John Leguizamo as Mr. Scrooge

The film actually slows down a lot at points, and even at 112 minutes, the film still feels longer than it really needs to be. We get a lot of backstory for Santa and radio conversations between him and Trudy, the girl he’s trying to save, but the scenes really hurt the pacing and bring everything to a halt. A better script would make this bearable, but for a film about high octane violence, it just doesn’t work that well. I can appreciate them trying to keep the film from being completely mindless, it’s just what they went with isn’t all that interesting.

The fight scenes are of course the main attraction, and when we finally get to them they can be pretty solid. Santa makes use of everything holly and jolly, from Christmas stars, to candy canes licked into shivs, to everyone’s favorite Christmas decoration; a wood chipper. It gets pretty brutal but remains just cartoony enough to not turn out needlessly edgy. The big final kill is truly a sight to behold, in all its disgusting beauty. Also, this might be the closest we get to a Rated R Home Alone sequel, so I gotta give it props for that.

While this film has its moments, I do wish we could’ve seen a little more out-there story. I feel like the idea of Santa fighting bad guys and saving a family for Christmas has been around for ages, and unfortunately, no amount of seasons beatings makes it feel any fresher. Big dumb films like this should have a big dumb plot, where they really get weird and go balls to the wall with all the Santa Clause lore and all the settings you could place him in. I suppose this is fine for what it is, but nothing really blew me away here.

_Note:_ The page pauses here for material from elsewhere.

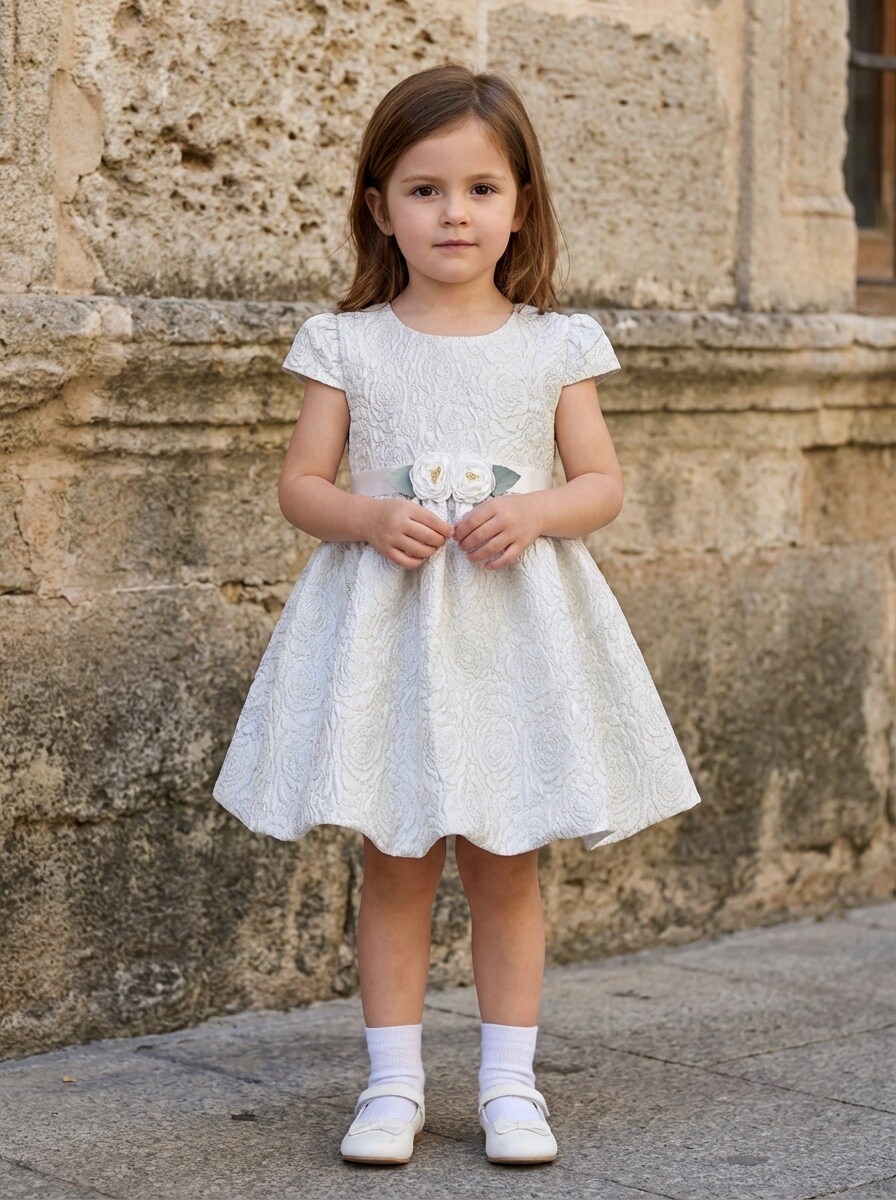Grossiste R Framboise - Robe de cérémonie enfant jacquard à motifs floraux avec ceinture à fleurs, idéale mariage, cérémonie et fête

There’s certainly some fun to be had with Violent Night, making it quite the wild card to throw into your holiday film rotations. The action is impressive at times and the characters are so stupid that it will occassionally make your laugh. There’s no real surprises here, so if this seems like something you’d enjoy at face value, then this is pretty much what you’ll get. For me, I’m sticking with the true badass Santa, Detective Crashmore.

Rating

(out of a possible 5 candy cane shivs)

O’ Gory Night

There’s blood in the snow this Christmas, but at least its better than yellow snow. A violent Christmas movie calls for something that can look the part but still contain all those flavors familiar to the holidays. The O’ Gory Night is just that, balled up into a boozy, desert heavy package that pulls flavors of vanilla, chocolate, and peppermint. Top it off with a blood splattered snowball, and get ready to be hit by a Viking hammer of a holiday drink!

Ingredients

  • 1.5oz Rumchata
  • 1oz rum
  • 1/2oz peppermint schnapps
  • 1/2oz creme de cacao
  • Garnish: 1 scoop vanilla ice cream
  • Pour: Maraschino cherry syrup

Instructions

  1. Add ingredients to a shaker and shake with ice.
  2. Strain into rocks glass filled with ice.
  3. Top with scoop of vanilla ice cream.
  4. Pour maraschino syrup gently over the top.